- Opening Delimiter -
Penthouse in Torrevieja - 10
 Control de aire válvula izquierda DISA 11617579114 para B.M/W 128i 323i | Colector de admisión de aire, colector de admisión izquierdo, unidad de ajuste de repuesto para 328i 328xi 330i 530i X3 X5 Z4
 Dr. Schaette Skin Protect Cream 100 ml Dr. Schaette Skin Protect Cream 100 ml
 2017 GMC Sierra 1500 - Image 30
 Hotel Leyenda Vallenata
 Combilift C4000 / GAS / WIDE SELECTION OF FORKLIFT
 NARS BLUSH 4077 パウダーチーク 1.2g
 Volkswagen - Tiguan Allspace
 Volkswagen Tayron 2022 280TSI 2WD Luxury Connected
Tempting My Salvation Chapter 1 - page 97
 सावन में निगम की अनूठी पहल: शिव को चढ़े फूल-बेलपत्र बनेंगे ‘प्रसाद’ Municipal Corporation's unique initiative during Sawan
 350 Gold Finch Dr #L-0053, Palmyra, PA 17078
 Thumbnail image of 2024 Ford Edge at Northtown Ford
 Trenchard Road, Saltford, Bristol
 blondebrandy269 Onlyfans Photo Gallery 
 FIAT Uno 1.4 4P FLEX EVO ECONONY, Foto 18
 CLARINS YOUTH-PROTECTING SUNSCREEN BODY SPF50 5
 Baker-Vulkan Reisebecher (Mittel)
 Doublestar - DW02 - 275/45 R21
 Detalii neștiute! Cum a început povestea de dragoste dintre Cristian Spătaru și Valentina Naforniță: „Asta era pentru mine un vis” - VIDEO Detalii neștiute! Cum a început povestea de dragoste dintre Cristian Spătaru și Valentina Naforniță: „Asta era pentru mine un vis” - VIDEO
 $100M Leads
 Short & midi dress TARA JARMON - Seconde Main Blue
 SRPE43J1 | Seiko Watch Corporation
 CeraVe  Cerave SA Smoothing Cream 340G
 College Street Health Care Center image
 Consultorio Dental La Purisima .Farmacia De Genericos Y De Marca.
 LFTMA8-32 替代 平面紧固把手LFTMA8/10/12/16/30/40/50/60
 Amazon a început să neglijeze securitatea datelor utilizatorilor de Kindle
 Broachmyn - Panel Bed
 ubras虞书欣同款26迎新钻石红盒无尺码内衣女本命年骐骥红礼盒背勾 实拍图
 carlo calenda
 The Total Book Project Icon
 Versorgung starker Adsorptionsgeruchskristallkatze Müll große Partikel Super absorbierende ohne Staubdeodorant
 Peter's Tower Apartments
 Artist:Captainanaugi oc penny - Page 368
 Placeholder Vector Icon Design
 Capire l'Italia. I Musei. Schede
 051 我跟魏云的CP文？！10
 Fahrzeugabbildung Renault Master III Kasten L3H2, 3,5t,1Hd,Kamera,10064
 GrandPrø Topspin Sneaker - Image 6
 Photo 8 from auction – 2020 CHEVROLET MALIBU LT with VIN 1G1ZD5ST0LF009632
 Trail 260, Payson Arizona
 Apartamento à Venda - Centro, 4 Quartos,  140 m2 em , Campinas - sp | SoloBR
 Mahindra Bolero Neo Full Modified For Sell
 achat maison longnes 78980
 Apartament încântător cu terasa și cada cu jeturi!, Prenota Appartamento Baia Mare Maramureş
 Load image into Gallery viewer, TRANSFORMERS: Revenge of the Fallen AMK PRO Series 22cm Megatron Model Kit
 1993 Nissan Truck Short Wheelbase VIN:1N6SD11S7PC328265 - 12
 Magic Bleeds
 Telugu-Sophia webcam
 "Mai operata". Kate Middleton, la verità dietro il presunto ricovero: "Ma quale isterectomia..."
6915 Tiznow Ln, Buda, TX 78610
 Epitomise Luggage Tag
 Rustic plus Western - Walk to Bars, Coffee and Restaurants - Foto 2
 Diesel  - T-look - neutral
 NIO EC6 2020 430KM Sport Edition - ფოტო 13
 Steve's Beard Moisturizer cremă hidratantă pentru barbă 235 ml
- Closing Delimiter -
■ **Action item**
In the entries above, find the line with "सावन में निगम" and the line with "Thumbnail image of", then restate word for word both of them and every line between, with nothing more.

■ **Written response**
 सावन में निगम की अनूठी पहल: शिव को चढ़े फूल-बेलपत्र बनेंगे ‘प्रसाद’ Municipal Corporation's unique initiative during Sawan
 350 Gold Finch Dr #L-0053, Palmyra, PA 17078
 Thumbnail image of 2024 Ford Edge at Northtown Ford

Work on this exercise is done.